SOURCE MATERIAL:
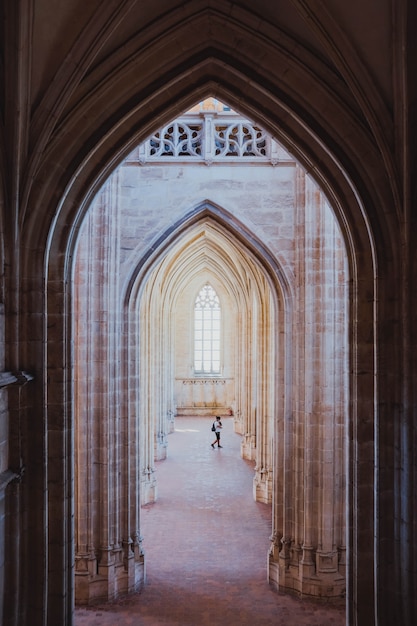 Foto gratuito tomada vertical de los pasillos en forma de arco en un edificio antiguo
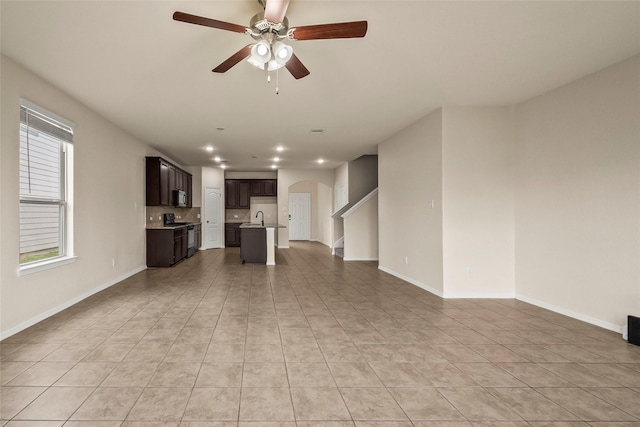 unfurnished living room featuring sink, light tile patterned floors, and ceiling fan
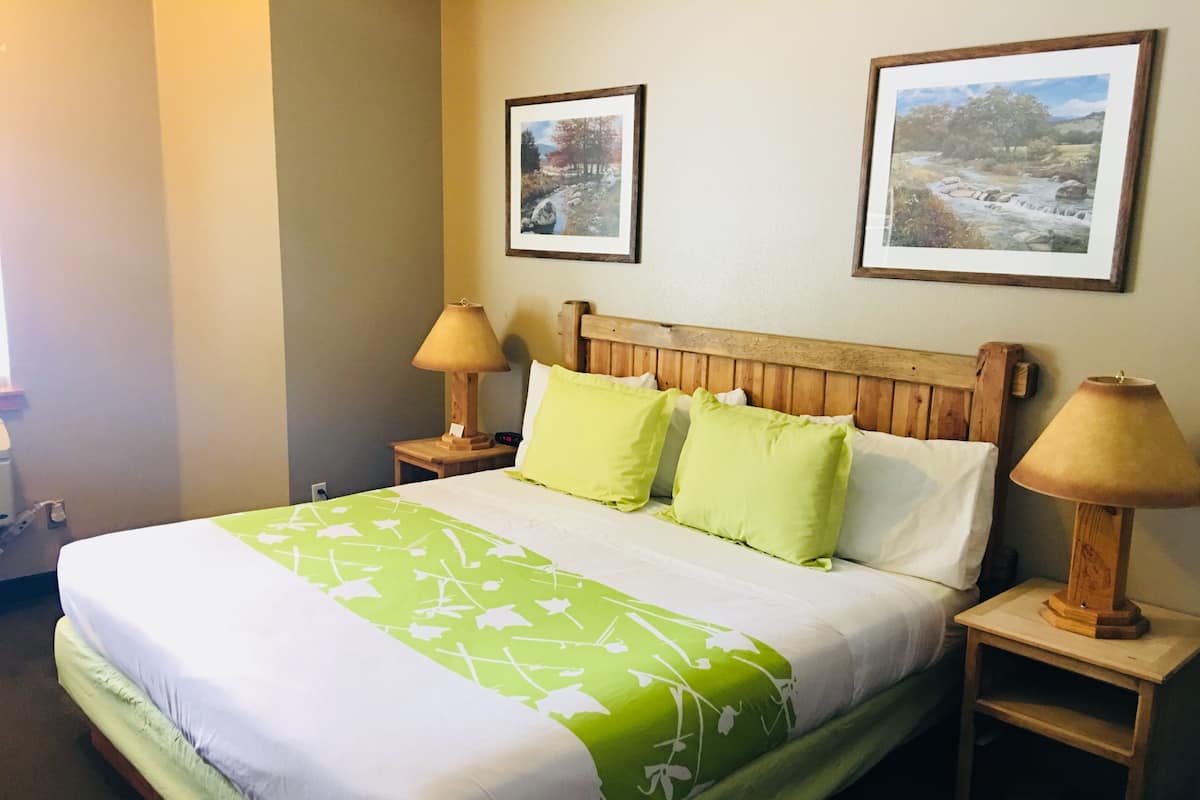 A neatly made bed with a green and white bedspread, two wooden nightstands with lamps, and two framed landscape paintings on the wall.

AIM OF THE TASK:
Exactly as they stand, write the lines from the one holding "unfurnished living room" to the end of the material, both ends included. Do not copy the pictures.

EXERCISE OUTPUT:
 unfurnished living room featuring sink, light tile patterned floors, and ceiling fan
 A neatly made bed with a green and white bedspread, two wooden nightstands with lamps, and two framed landscape paintings on the wall.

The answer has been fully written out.